Eduardo Baldares, narra fútbol, béisbol, baloncesto y transmitiría ping pong con tal de relatar, su gran pasión...

ir a la lista de Blogs

Eliminatoria

"Estamos unidos" ganará

Estados Unidos no es Brasil ni Landon Donovan es Messi.

Los gringos son un equipo bueno de Concacaf, pero nada del otro mundo.

Donovan es un buen jugador, pero jamás un excepcional ni un superhéroe de historieta.

Con o sin Donovan, antes y después de Donovan, desde las eliminatorias hacia Italia 90, Estados Unidos siempre perdió en Costa Rica.

¿Hay hoy una gran diferencia? Los números, que nunca mienten, dicen que no. Solo hay dos puntos de diferencia en la tabla de posiciones (13 a 11) y, en gran parte, esa puntuación se debe al infausto partido de la nieve, cuando se jugó bajo tormenta y escarcha hasta los tobillos...

A la larga, aquella injusticia nos hizo bien, porque, desde entonces, el equipo impuso el "Estamos unidos" como su consigna, se convirtió en un solo motor y dejó de ser un rejuntado de piezas.

Bajo el zapato

Aquí, en nuestro follaje tropical, ni William Walker ni el Capitán América pudieron festejar.

1-0, camino a Italia.

2-1 y 3-2, rumbo a Francia 98.

2-1 y 2-0, hacia Corea – Japón 2002.

¡3 a 0, en ruta a Alemania 2006!

3-1, hacia Sudáfrica 2010.

Donovan ya vino y perdió 2x0 en 2001, y ocho años después cayó 3x1.

Tim Howard parece sólido en la Liga Premier, pero en Costa Rica se ablanda, al punto que se va de tres en tres cuando viene por eliminatorias (2005 y 2009).

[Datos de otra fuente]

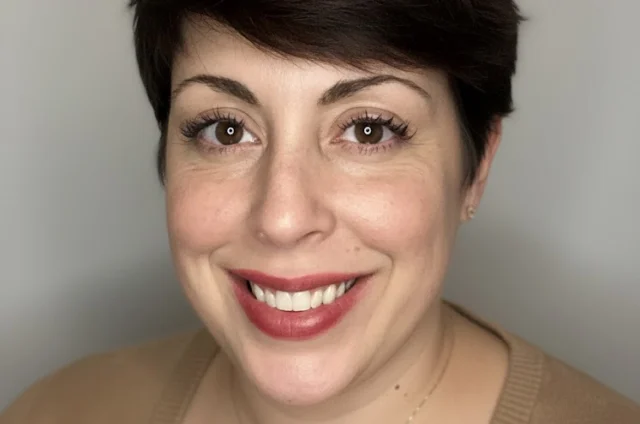 A woman with short dark hair and a beige sweater smiles at the camera against a plain light background.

Beasley también se fue goleado en esas mismas visitas, y, aparte de ellos, de la actual selección gringa ya habían salido golpeados de San José figuras como Oguchi Onyewu, Michael Bradley, José Francisco Torres, Jozy Altidore y Clint Dempsey.

¿Quién dijo miedo?

Estemos unidos contra Estados Unidos. La afición, con su apoyo incondicional desde el primer silbatazo, emanando vibras positivas para contagiar a los propios. Pero, por sobre todas las cosas, es clave que estemos unidos en la cancha.

Que la roja no sean 11 solistas desperdigados, ahogados en batallas particulares, inaudibles, sino una orquesta, sonora, poderosa sin silencios, potenciada por las 35 mil gargantas que cimbrarán la Tacita de Plata con cada gol (Amén).

Que los guantes de Keylor parezcan los de Gabelo, que el "Pipo" ponga aquello que ponía el "Chunche" y siempre ponen las gallinas, que Ruiz entre en la frecuencia de Cayasso, que Celso sea tan excelso como "Paté". Y Saborío... ¡Saborío!... que seás el digno sucesor de Morera, Fello, Errol, Coronado, Jara, Wanchope... (Amén, amén, amén, amén).

Pero, valga recalcar, que prevalezca el equipo, el grupo... La máquina. Porque, ¿qué hacen las piezas sin tuercas que las unan? Nada.

"Estamos unidos". Esa debe ser la consigna.